The only problem with this charming sing-song is that it is based on a series of false oppositions borrowed from the US right, designed to obscure the real solutions. Blair acts as if there are two options: do you want treaties to limit greenhouse gases, or do you want technologies to do the same job? But his own Government's policies show that this is bogus. Treaties create the need for technology. They aren't opponents, they are Siamese twins. If you have to cut emissions, of course you will dedicate more energy to finding ways to do it. When Britain signed up to the Kyoto Treaty, it suddenly had a huge incentive to build wind farms and other renewable energy sources.

No environmental problem has ever been solved by the market alone, using its "hidden hand". From catalytic converters to the scrubbers on top of power stations, they have all required legislation and international treaties - exactly the things Blair is now renouncing as unnecessary.

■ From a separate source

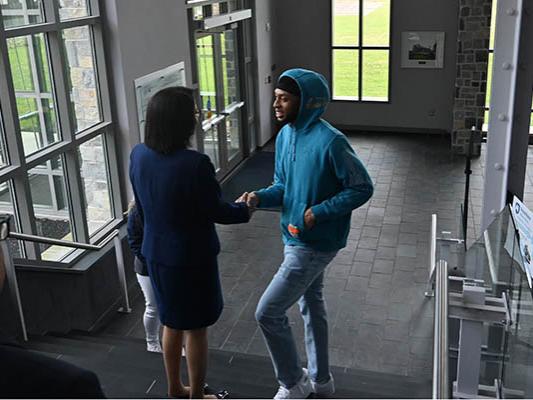 President-elect Bendapudi talks with a student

And it gets weirder. Blair then set up another false choice: do you want a growing economy, or cuts in greenhouse gas emissions? But less than a year ago, he said, "We can have a strong, growing economy while addressing environmental issues. Between 1990 and 2002 the UK economy grew by 36 per cent, while greenhouse gas emissions fell by around 15 per cent... The very act of solving [global warming] can promote growth, creating a space for scientific discovery and hence investment."

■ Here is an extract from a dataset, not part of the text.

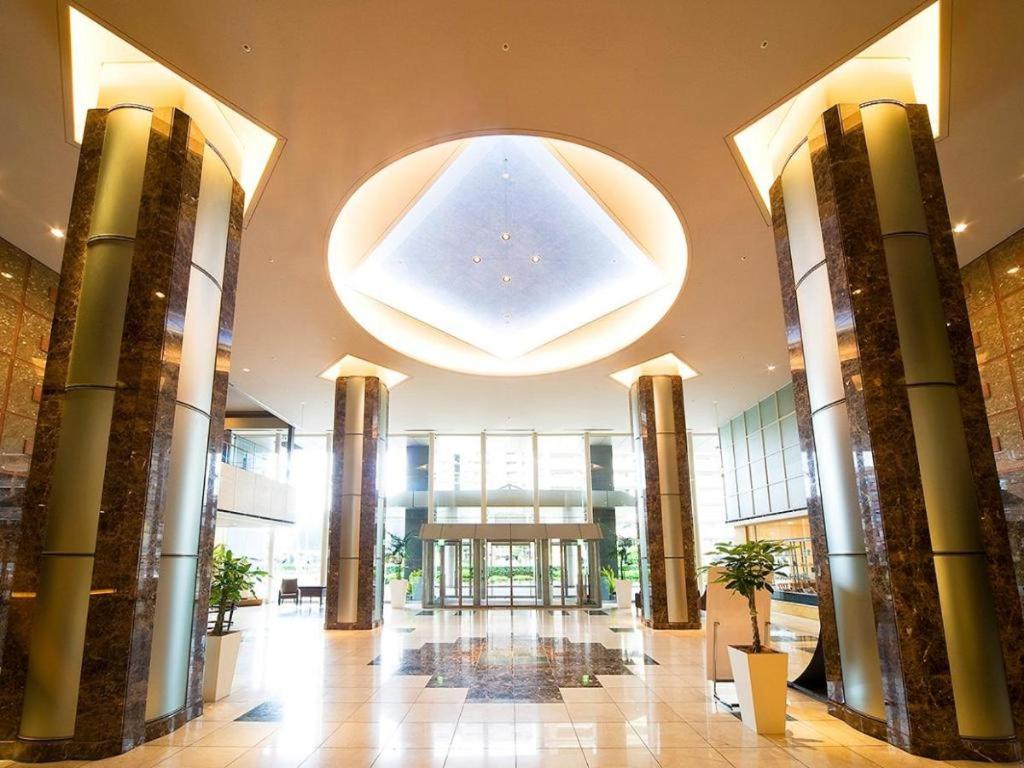 a large lobby with a large chandelier in a building at KKR Hotel Hakata in Susakiuramachi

How did Blair swing so far away from his own stated position? Tony Juniper, director of Friends of the Earth, offers an "educated guess": "Blair was determined at the start of 2005 to drag the Bush administration into the climate change process. He found, not surprisingly, that they won't agree, but he persisted, and instead of moving them, they've ended up moving him. He's given in and given up. Now you hear him and think, 'Where has this man's mind gone?' "

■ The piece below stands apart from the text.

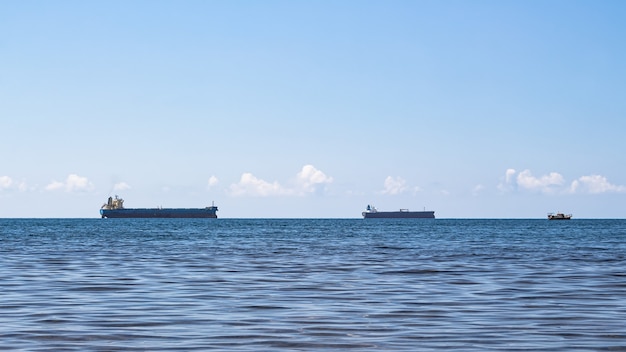 Close-up of a minimalistic seascape on a bright summer day. Blue sea, clouds over the horizon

Blair has brought his global warming policies almost into sync with the Bush White House, who have been stressing that any "solution" must be voluntary and market-based - in other words, just hot hurricane-fuelling air. So your global warming strategy and mine are now just a few steps behind an administration who have thanked ExxonMobil - one of the world's great environment-destroyers - for their "active involvement" in writing their climate change strategy, and who have employed corporate lobbyists to water down their own scientists' reports. It's one thing to side with these people in toppling a fascist dictator, however flawed the war - but to side with them on trashing the planet?

Blair rationalises this by saying he is pursuing the only course that it "politically possible". This is Blair's Get Out of Jail Free card for every bad thing he does: it's not my fault, the political reality made me do it. But there's a reasonable case to be made for this, at first. Why cling to a policy, he asks, which cannot succeed? Isn't it better to get something - however small - than nothing? But we are confronting a clash between the politically possible and the physically possible. As Jonathon Porritt, Blair's former environmental adviser, said yesterday, "It's no good our leaders lining up like a whole array of King Canutes in front of the rising sea, saying 'Go away, we haven't got time to deal with you right now.' "

And isolating Bush on global warming - something that has long been in Blair's grasp - would achieve a great deal. Already 74 per cent of Americans (according to a recent Zogby poll) think voluntary emissions won't work. Several of the contenders for the 2008 election are strongly in favour of caps on emissions.

But seeing that nice Mr Blair reinforcing Bush's myths on television - relax and wait for the technology, folks - whacks environmentalism with the force of a Grade Five hurricane. By embracing the climate-trashers, Blair doesn't soften them. He emboldens them - and, with his new treaty-trashing rhetoric, he is seriously at risk of becoming one of them.